[Material provided — start]

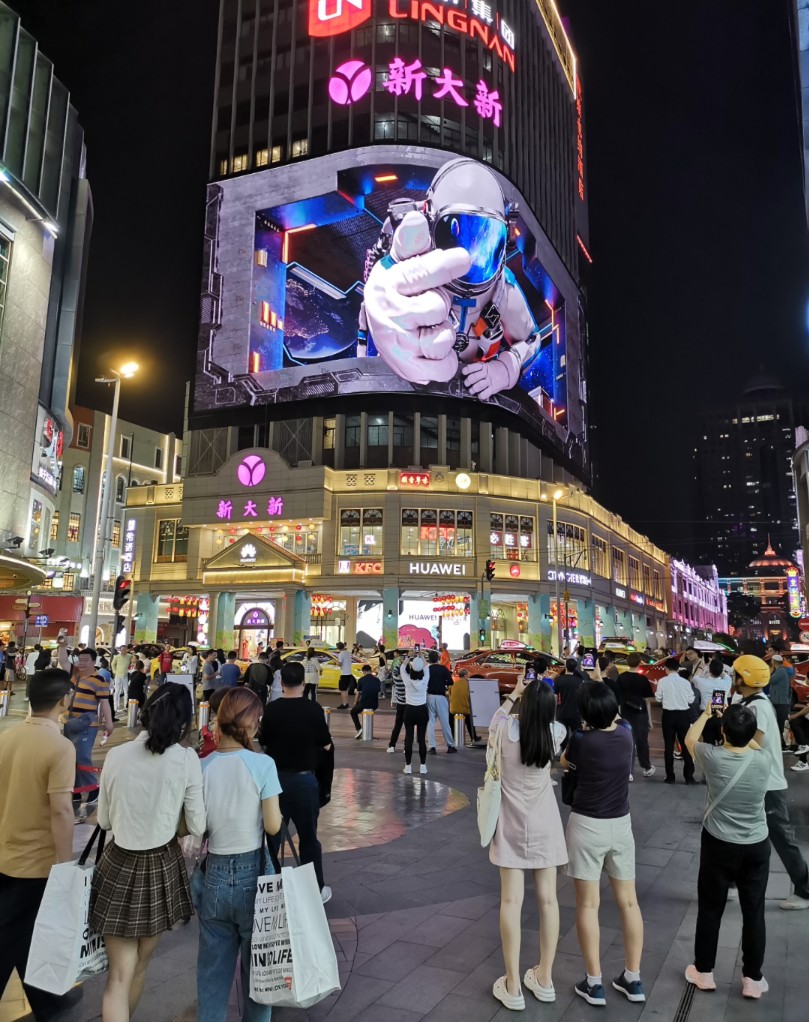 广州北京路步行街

[Material provided — finish]
[Material provided — start]

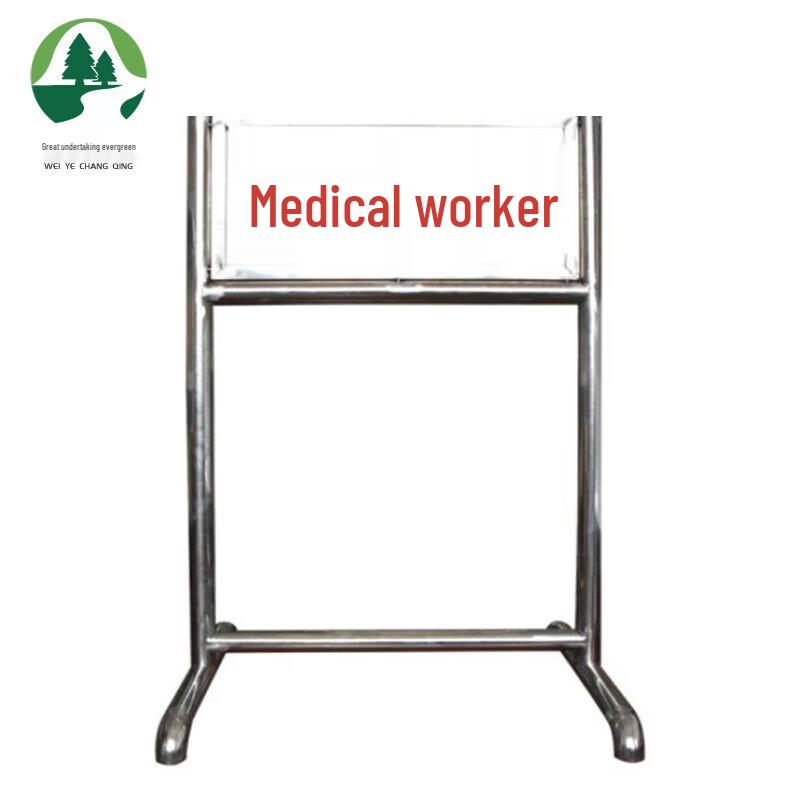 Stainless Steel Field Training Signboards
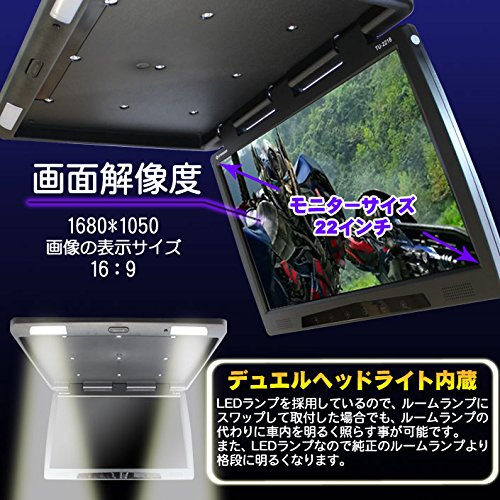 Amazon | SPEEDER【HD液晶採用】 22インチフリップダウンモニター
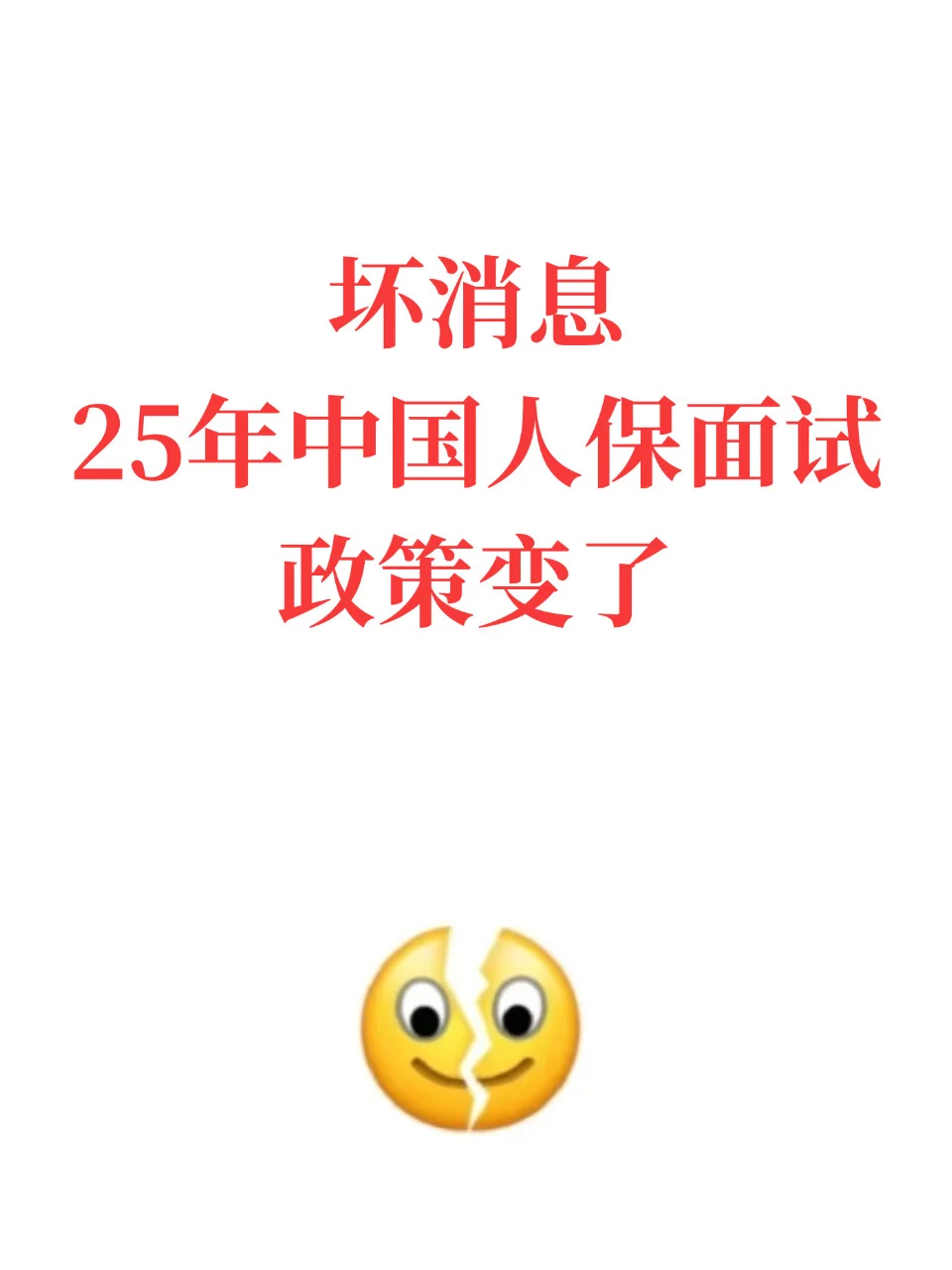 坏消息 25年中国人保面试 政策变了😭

[Material provided — finish]

**Description of the task:**
Up in the listing, locate the line with "Amazon | SPEEDER【HD液晶採用】 22インチフリップダウンモニター"; print it and every line after it down to the line with "坏消息 25年中国人保面试 政策变了😭", which is included too. Skip the pictures.

**Response to the task:**
 Amazon | SPEEDER【HD液晶採用】 22インチフリップダウンモニター
 坏消息 25年中国人保面试 政策变了😭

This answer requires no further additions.